When encysting parasites were incubated with FITC-dextran or GFP-labeled bacteria prior to fixation and staining with anti-chitinase antibodies, two results were apparent. First, parasites with many chitinase-associated secretory vesicles, which were well into encystation, pinocytosed much less FITC-dextran and phagocytosed many fewer bacteria than trophozoites. For example, after 24 h, most encysting parasites pinocytosed the same amount of FITC-dextran as the control parasites fixed before incubation with FITC-dextran (data not shown). After 24 h, most encysting parasites no longer phagocytosed bacteria. Second, chitinase-associated secretory vesicles were not overlapping with pinosomes and phagosomes, so double-staining (orange vesicles) was rare or absent (data not shown).

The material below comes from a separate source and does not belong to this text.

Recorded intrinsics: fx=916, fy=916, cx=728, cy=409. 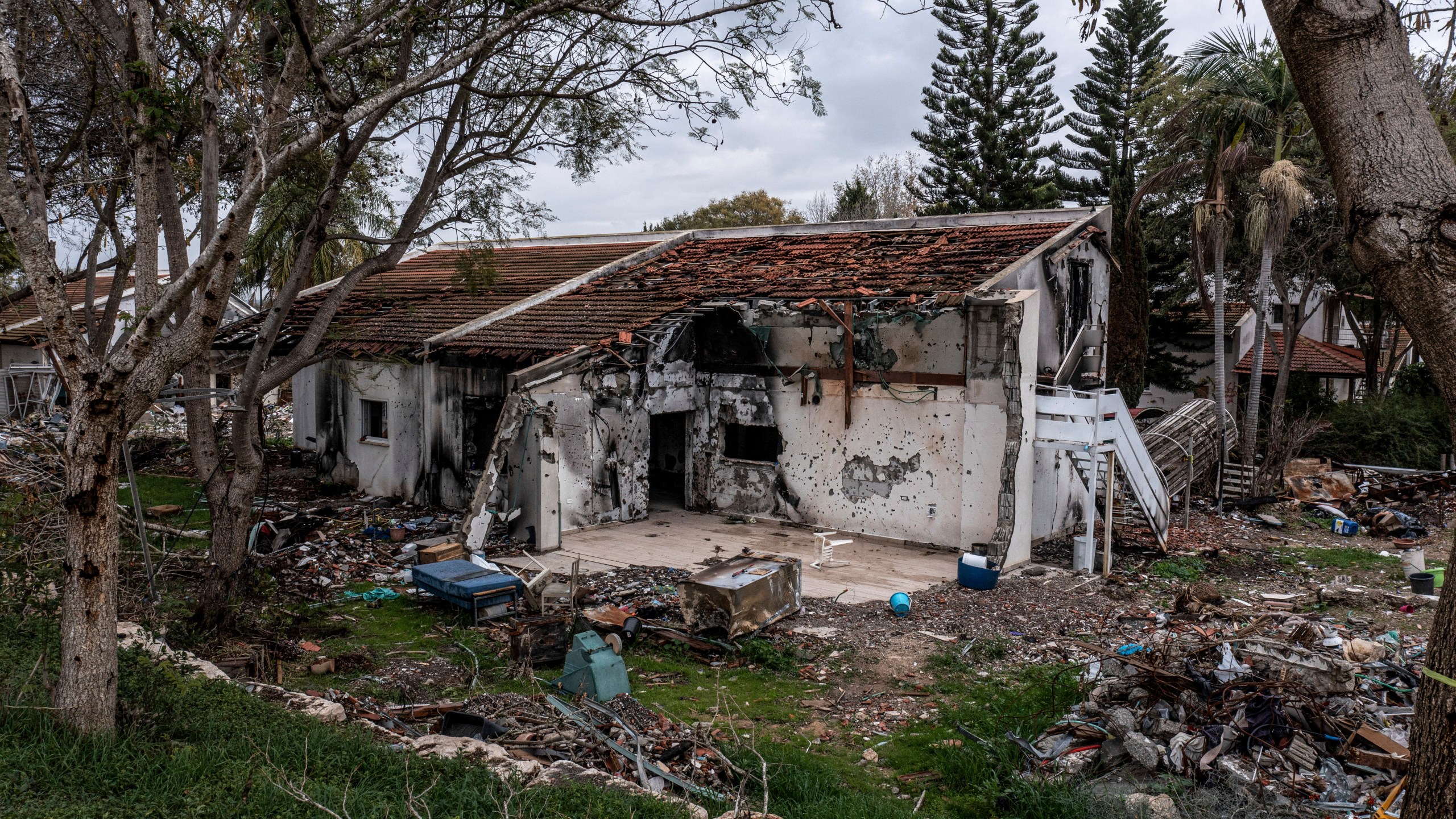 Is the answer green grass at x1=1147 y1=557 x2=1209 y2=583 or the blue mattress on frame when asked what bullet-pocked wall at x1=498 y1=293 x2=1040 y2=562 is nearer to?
green grass at x1=1147 y1=557 x2=1209 y2=583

Secretory vesicles of E. histolytica trophozoites, marked by anti-chitinase antibodies in transfected parasites, are numerous and small like vesicles containing Ariel antigens or cysteine proteinases. Axenic amebae, which were transfected with an unmodified chitinase gene under an actin gene promoter, had numerous small chitinase-associated vesicles (Fig. 3 and Table 2). Again, these secretory vesicles in most cells were too abundant to make an accurate count. Double-labeling studies, which were performed with Texas red-labeled chitinase and FITC-dextran or GFP-labeled E. coli, showed that chitinase-associated vesicles did not fuse with pinocytotic or phagocytotic vacuoles. Chitinase-associated secretory vesicles were about the same size as lysosomes (identified with Arg-Arg-4-methoxy-2-naphthylamide, a fluorescent substrate of the cysteine proteases) (64). Because the signal from the cysteine proteinase was present in both FITC and Texas red channels, it was not possible to colocalize the lysosomes and the chitinase-containing vesicles. Chitinase was absent from the surface of transfected parasites (data not shown), suggesting that the surface of trophozoites lacked chitin-binding activity present on the surface of encysting parasites.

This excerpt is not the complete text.